I am fitting a high order polynomial fit (order 15+) to some simulated training data. I know that features become collinear as i increase the order of polynomial but i do not undersand why my fits are so off ! even in case of collinearity the fits should be reasonable. The issue is not related to size of the training data for example see figures below with lots of training samples
The code is below:
import numpy as np
import matplotlib.pyplot as plt
from sklearn.cross_validation import KFold
import matplotlib.pyplot as plt
% matplotlib inline
def gen_data(num_train):
np.random.seed(100)
trainX = np.float64(np.linspace(1,1.5,num_train))
train_noise = np.float64(np.random.normal(0, 0.1, num_train))
trainY = np.sin(10*trainX) + train_noise
return trainX, trainY
def polynomial_feature(X,order):
for i in range(2,order+1):
X = np.column_stack((X,X[:,0]**i))
return X
def append_bias(X):
num_ins, num_feas = X.shape[0], X.shape[1]

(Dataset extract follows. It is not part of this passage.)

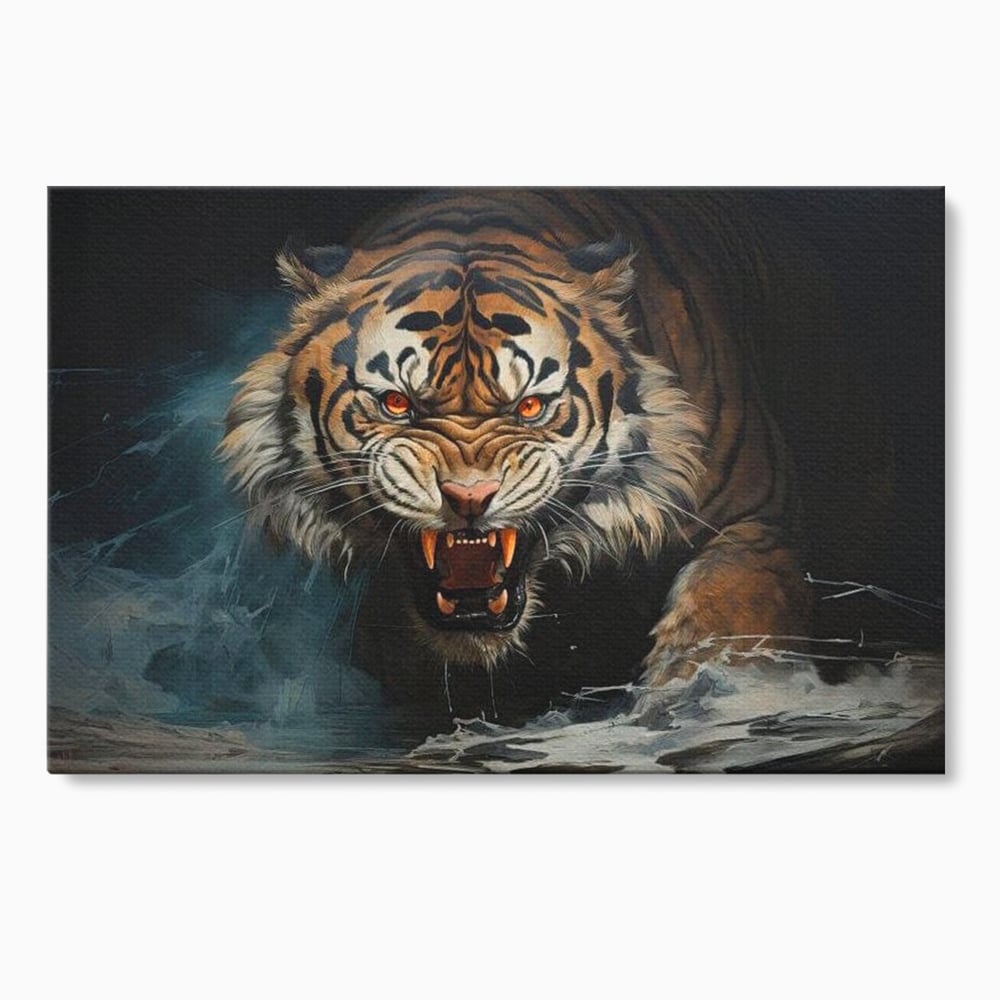 Tablou canvas cu tablou canvas cu tigru furios, fara rama, pe sasiu de lemn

Xb = np.ones((num_ins, num_feas+1))
Xb[:, 1:] = X
return Xb
def l2_closed_form(Xb, y):
num_feas = Xb.shape[1]
return np.dot(np.linalg.inv(np.dot(Xb.T, Xb)), np.dot(Xb.T, y))
def plotXY(trainX, trainY, plotX, plotY,title=None):
plt.scatter(trainX[:, 1], trainY, s= 2)
plt.plot(plotX[:, 1], plotY, color = 'k', linewidth=2)
plt.xlabel('x')
plt.ylabel('y')
plt.show()
def q1(trainX, trainY):
theta = l2_closed_form(trainX, trainY)
plotX, _ = gen_data(num_train=1000)
plotX = polynomial_feature(plotX.reshape(-1,1),polynomalOrder)

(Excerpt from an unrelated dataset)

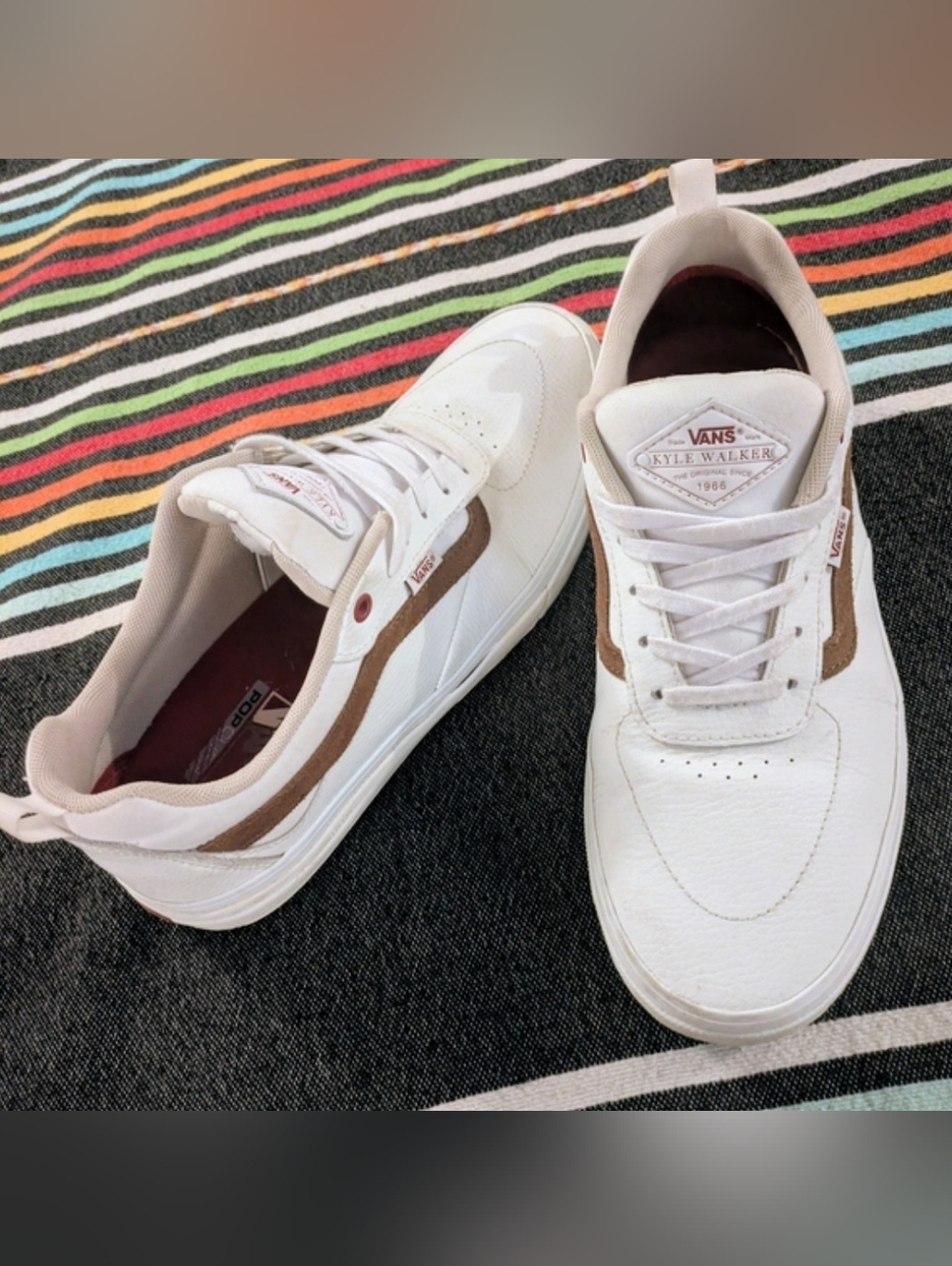 VANS Kyle Walker White Brown Leather Sneakers Lifestyle US Men's Size 11.5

plotX = append_bias(plotX)
plotY = np.dot(plotX, theta)
plotXY(trainX, trainY, plotX, plotY)
def load_data():
trainX, trainY= gen_data(num_train=15)
trainX = polynomial_feature(trainX.reshape(-1,1),polynomalOrder)
trainX = append_bias(trainX)
return trainX, trainY
polynomalOrder = 15
global polynomalOrder
trainX, trainY = load_data()
q1(trainX, trainY)